Sequence direct exchange

  1. if the CommunityFederation.pubKey of the additional node does not exists in the CommunityFederation table the DHT-node starts a direct exchange with this foreign node to gets the data the first time, otherwise to update previous exchanged data.
  2. the DHT-node opens a direct connection per hyperswarm with the additional node and exchange respectively the url and apiversion between each other.
    1. to support the future feature that one community can provide several urls and apiversion at once the exchanged data should be in a format, which can represent structured information, like JSON (or simply CSV - feel free how to implement, but be aware about security aspects to avoid possible attacks during parsing the exchanged data and the used parsers for it)

      { 
         "API": 
         { 
            "url"       : "comB.com", 
            "version"   : "1.0", 
            "validFrom" : "2022.01.01" 
         }
         "API" :
         { 
            "url"       : "comB.com", 
            "version"   : "1.1", 
            "validFrom" : "2022.04.15" 
         }
         "API" :
         { 
            "url"       : "comB.de", 
            "version"   : "2.0", 
            "validFrom" : "2022.06.01" 
         }
      }
      
    2. the DHT-Node writes per apollo-ORM the received and parsed data from the foreign node in the database

      1. For the future an optimization step will be introduced here to avoid possible attacks of a foreign node by polute our database with mass of data.
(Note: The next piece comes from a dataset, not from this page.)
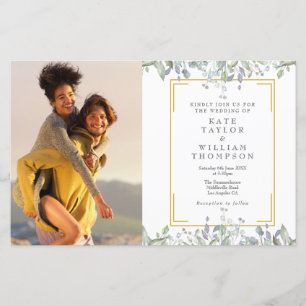 Budget Greenery Photo Wedding Invitation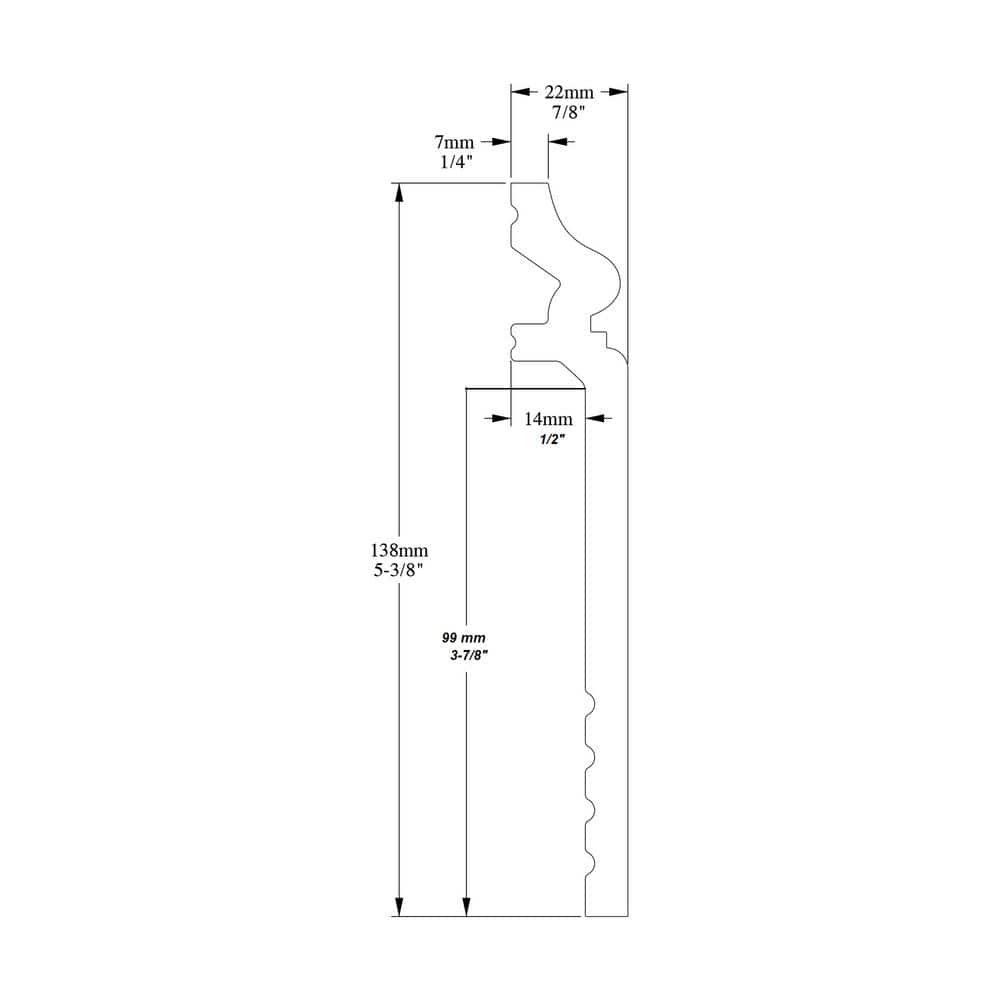 White High Impact Polystyrene Baseboard Moulding Set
        1. before the apollo-ORM writes the data in the database, the apollo-graphQL invokes for all received urls and apiversions at the foreign node the request https.//<url>/<apiversion>/getPubKey().
        2. Normally the foreign node will response in a very short time with its publicKey, because there will be nothing to en- or decrypt or other complex processing steps.
        3. if such a request runs in a timeout anyhow, the previous exchanged data with the foreign node will be almost certainly a fake and can be refused without storing in database. Break the further federation processing steps and stages and return back to stage1 join&connect.
        4. if the response is in time the received publicKey must be equals with the pubKey of the foreign node the DHT-Node gets from hyperswarm dht per topic during the join&connect stage before
        5. if both keys are the same, the writing of the exchanged data per apollo-ORM can go on.
        6. if both keys will not match the exchanged data during the direct connection will be almost certainly a fake and can be refused without storing in database. Break the further federation processing steps and stages and return back to stage1 join&connect.
      2. the apollo-ORM inserts / updates or deletes the received data as follow

        • insert/update in the CommunityFederation table for this foreign node:

          Column insert update
          communityFederation.id next sequence value keep existing value
          communityFederation.uuid null keep existing value
          communityFederation.foreign TRUE keep existing value
          communityFederation.createdAt NOW keep existing value
          communityFederation.privateKey null keep existing value
          communityFederation.pubKey exchangedData.pubKey keep existing value
          communityFederation.pubKeyVerifiedAt null keep existing value
          communityFederation.authenticatedAt null keep existing value
        • for each exchangedData API

          if API not exists in database then insert in the CommunityApiVersion table:

          Column insert
          communityApiVersion.id next sequence value
          communityApiVersion.communityFederationID communityFederation.id
          communityApiVersion.url exchangedData.API.url
          communityApiVersion.apiversion exchangedData.API.version
          communityApiVersion.validFrom exchangedData.API.validFrom
          communityApiVersion.verifiedAt null

          if API exists in database but was not part of the last data exchange, then delete it from the CommunityApiVersion table

          if API exists in database and was part of the last data exchange, then update it in the CommunityApiVersion table

          Column update
          communityApiVersion.id keep existing value
          communityApiVersion.communityFederationID keep existing value
          communityApiVersion.url keep existing value
          communityApiVersion.apiversion keep existing value
          communityApiVersion.validFrom exchangedData.API.validFrom
          communityApiVersion.verifiedAt keep existing value
    3. After all received data is stored successfully, the DHT-Node starts the stage2 - Authentication of the federation handshake

Stage2 - Authentication

The 2nd stage of federation is called authentication, because during the 1st stage the hyperswarm dht only ensures the knowledge that one node is the owner of its keypairs pubKey and privateKey. The exchanged data between two nodes during the direct exchange on the hyperswarm dht channel must be verified, means ensure if the proclaimed url(s) and apiversion(s) of a node is the correct address to reach the same node outside the hyperswarm infrastructure.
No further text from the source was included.